Before her visit to Warsaw, Merkel met with the Italian Premier Renzi and the French President Hollande on the Italian island of Ventotene, where they visited the grave of Altiero Spinelli, one of the so-called founding fathers of European integration. A working meeting followed on the Italian aircraft carrier “Garibaldi”, the key component of the EU’s refugee-rescue mission in the Mediterranean. All heads of states declared that “this is the beginning of a new Europe”. All of this conspicuous symbolism and public reassurances point to a deep insecurity the EU has found itself in after the Brexit referendum.

The diplomatic marathon is the beginning of the so-called “reflection process”, during which the EU will attempt to find solutions to the most conflict-ridden issues and problems, while at the same time London is expected to make up its mind about when to notify the EU about the intension to leave the bloc (which it didn’t do so far). Such reflection phases are rather typical for the EU history, as they often follow “shock situations”. A more recent reflection period occurred after the failure of the Constitutional Treaty in 2005, when it took two years to assume new treaty negotiations. But then the main concern was to rescue as much as possible from the Constitutional Treaty into a new one. This time, though, the challenges are more complex. There is one major risk the EU has to deal with: regional fragmentation.

Germany’s leadership in the crisis

Berlin has put two main topics on the agenda of its revived Europe project: the strengthening of the Eurozone and the refugee crisis. The aim is to stimulate a new integration dynamic in these two areas. However, it is quite likely that Berlin has badly misread the situation, since exactly these two policy fields can become catalysts of regional fragmentation in the EU.
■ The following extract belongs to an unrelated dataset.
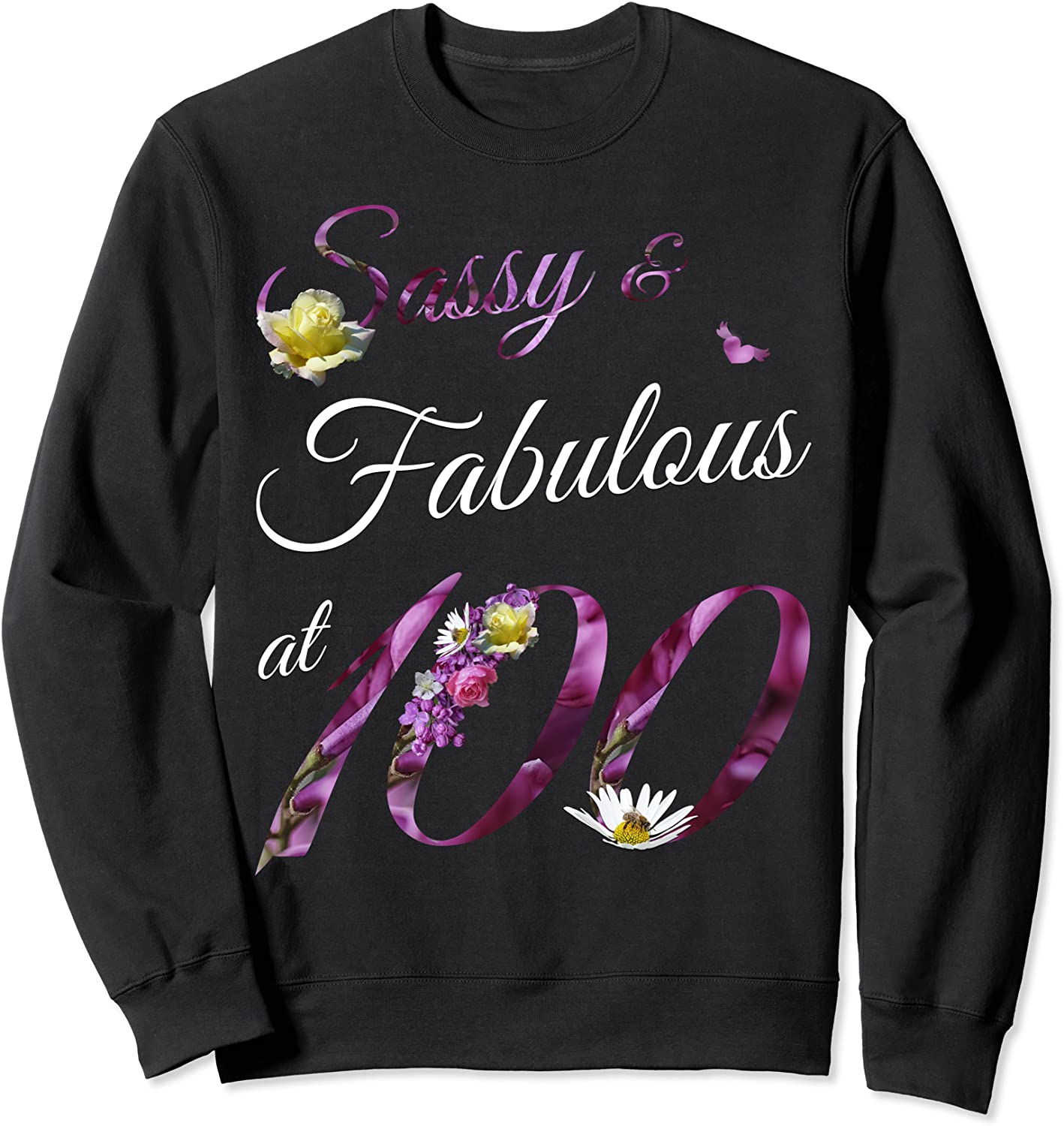 100 Year Old Sassy Fabulous Floral 1921 100th Birthday Gift Sweatshirt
Concerning both issues Germany can officially count on the support of the six founding members but in reality this support is questionable. So far the refugee relocation mechanism has not functioned at all, even in the supporting countries, despite the EU’s decision in September 2015 to relocate 120,000 refugees from Italy and Greece to the remaining countries (with the exception of the UK, Ireland and Denmark which negotiated their way out of the EU’s Common Asylum System). According to the EC’s data in 2016 the number of refugees taken by the EU countries have ranged from 2 in Bulgaria, 140 in Finland to 540 in France, which makes less than 1 per cent of the target. It clearly shows that in this matter Berlin is not supported by Paris. DGAP, the Berlin leading policy think tank, suggests in its analysis that France has been the main “brakeman” of the German attempts to institutionalise the relocation mechanism at the EU level. Even though both countries publically defend the idea, request European responsibility for the refugee crisis, and criticise nationalism in Central and Eastern Europe (CEE), Paris has done little to give more substance to this policy. As the DGAP analyst Mathieu Tardis argues, the French-German collaboration is merely a façade which camouflages France’s lacking investments in the asylum system and its more general avoidance of burden-sharing. This will not change until presidential elections in France in 2017 and perhaps even afterwards, as the current government is under pressure from the right wing Front National regarding the refugees issue and it has to play the ball in the right field. Also, France has in fact lost its status as a target country for refugees which further diminishes the will to really support Berlin. Moreover, it is not only the CEE countries (which become often demonised in the German press and public debates as the only culprits draining the EU funds but refusing to show solidarity) but also their Nordic counterparts that show reluctance towards the relocation plans. Both in Stockholm and Copenhagen there are minority governments with limited space for manoeuvre facing ring-wing populists in parliaments (Sweden Democrats, as the third party, and Danish People’s Party, as the second party). In Finland, the populist and Eurosceptic the Finns Party is a part of the current government and it also controls Foreign Ministry thus a refugee-friendly policy in Helsinki is rather out of question.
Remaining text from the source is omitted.